The court motion argued there was no admissible evidence to suggest jurors had been influenced by factors outside of the courtroom and said the motion for a retrial was based on “assertions and speculation”.

Jury bias

Lawyers for Martens Corbett and her father claim social media posts and media interviews given by members of the jury after the trial indicate they were biased against the pair.

In posts on Facebook the day after the verdict, jury foreman Tom Aamland had said: “We didn’t believe Mr Martens’s story… we believe Jason was asleep when he was struck in the head by Molly”.

The attorneys said a Facebook post by another member of the jury, Nancy Perez, after the trial described Martens Corbett as “delusional” and a “non-human person”.

Lawyers for the convicted pair also stated two jurors may have discussed the trial during a conversation in a car before the jury had reached a verdict.

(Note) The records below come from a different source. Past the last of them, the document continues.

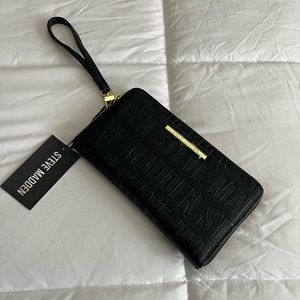 NWT Steve Madden Logo Embossed Zip Around Wallet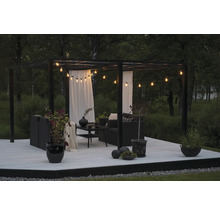 Pergola met tuinmeubelen, verlichting en planten op een terras
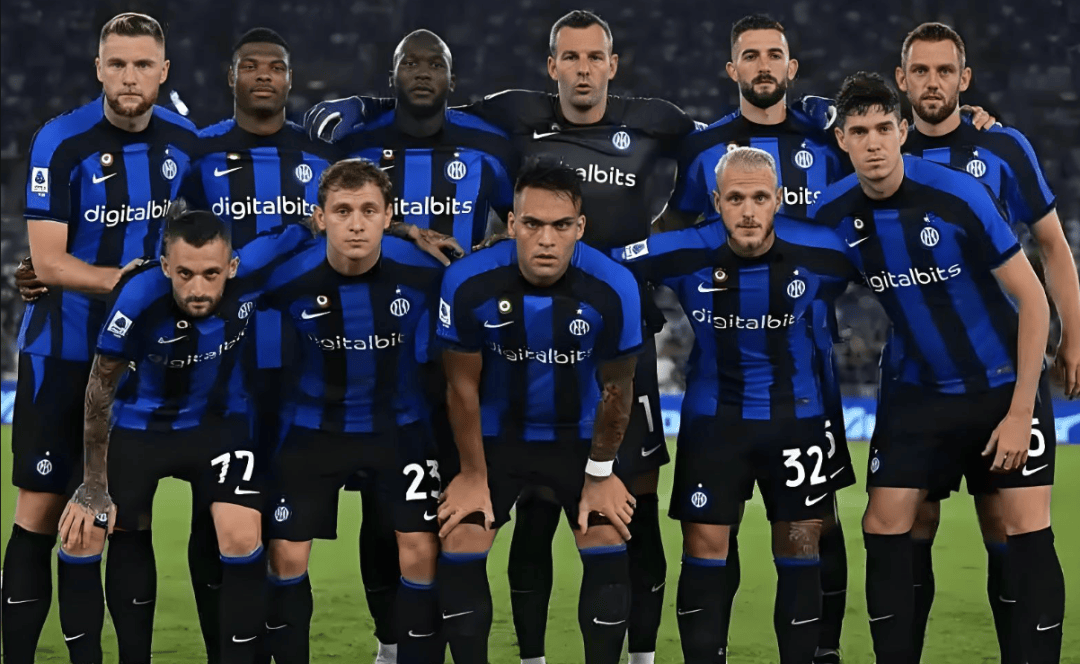 德转评年度最佳前锋：登贝莱、哈兰德、凯恩、姆巴佩入围（德转公布年度最佳前锋候选名单：哈兰德、凯恩、姆巴佩、登贝莱在列）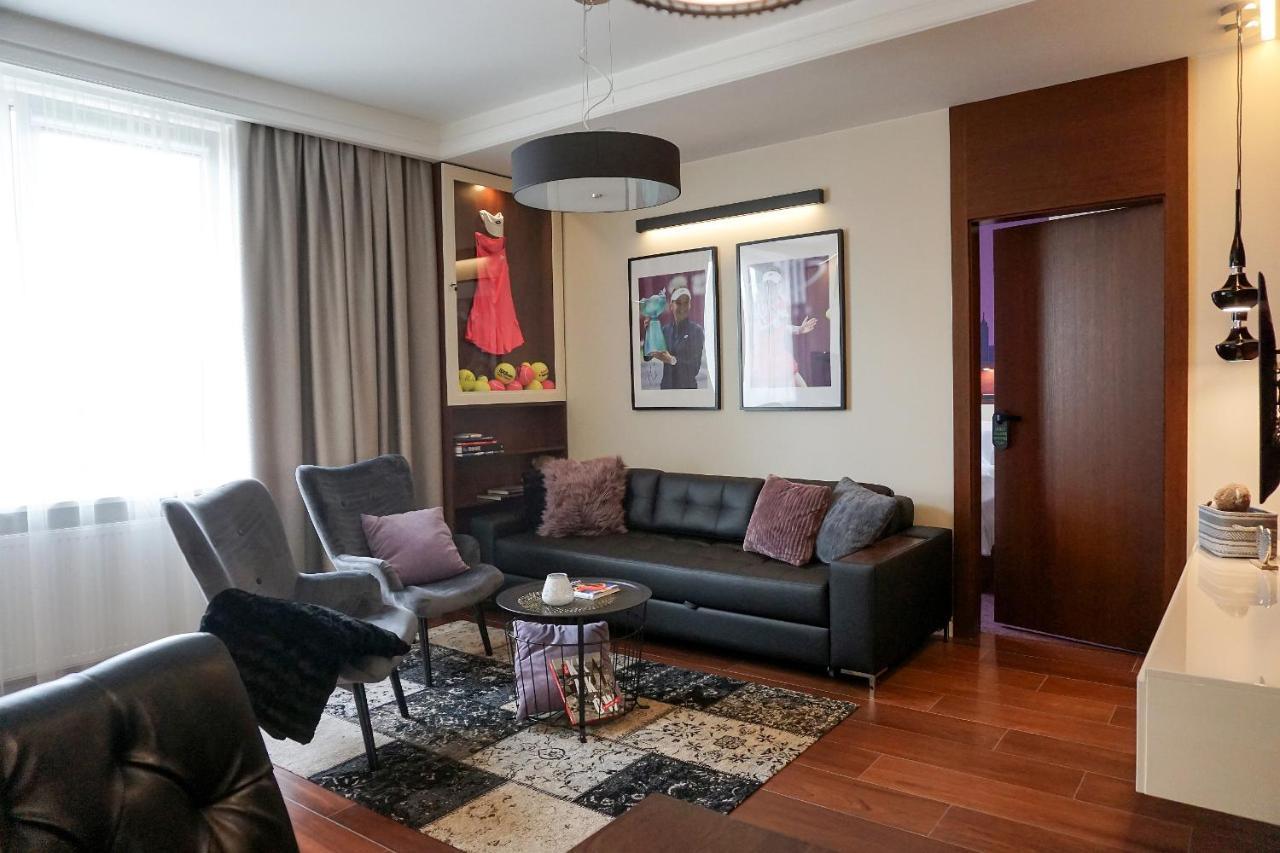 Deluxe Apartment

Judge David Lee instructed jurors not to speak about the trial among themselves outside of the jury deliberation room.

‘Wholly incompetent’

The prosecution lawyers’ court papers stated the allegations of jury misconduct based on “two jurors sitting in a car having an unknown conversation during an evening recess ... is wholly incompetent and irrelevant”.

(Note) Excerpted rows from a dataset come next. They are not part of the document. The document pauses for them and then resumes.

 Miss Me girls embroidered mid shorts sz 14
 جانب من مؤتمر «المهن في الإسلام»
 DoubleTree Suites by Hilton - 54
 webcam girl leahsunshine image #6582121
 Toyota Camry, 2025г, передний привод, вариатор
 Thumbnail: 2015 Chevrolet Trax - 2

The lawyers for the state argued that as the content of the purported conversation was not overheard, there was no evidence to justify bringing the incident before the court.

Their submission also said that jury opinions of Molly Martens Corbett and her father were formed through each juror’s own thought processes, based on what they observed in court.

“Internal opinions formed during the course of the trial do not reflect any prior bias,” the document stated.

The defence lawyers had also claimed juror Nancy Perez should not have been permitted to remain on the jury after she vomited while viewing images of Jason Corbett’s autopsy.

Not ‘incapacitated’

The district attorney’s submission asking the judge to deny a retrial stated the court’s decision had been to allow the juror to remain, and “at no time did the juror appear incapacitated even when viewing multiple gruesome photographs” following the incident. “This allegation of juror misconduct is without merit,” the court papers stated.

The date for the hearing on the motion to hold a retrial has not yet been set, and the judge may dismiss the motion out of hand, or hear oral arguments from the prosecution and the defendants’ lawyers before making a decision.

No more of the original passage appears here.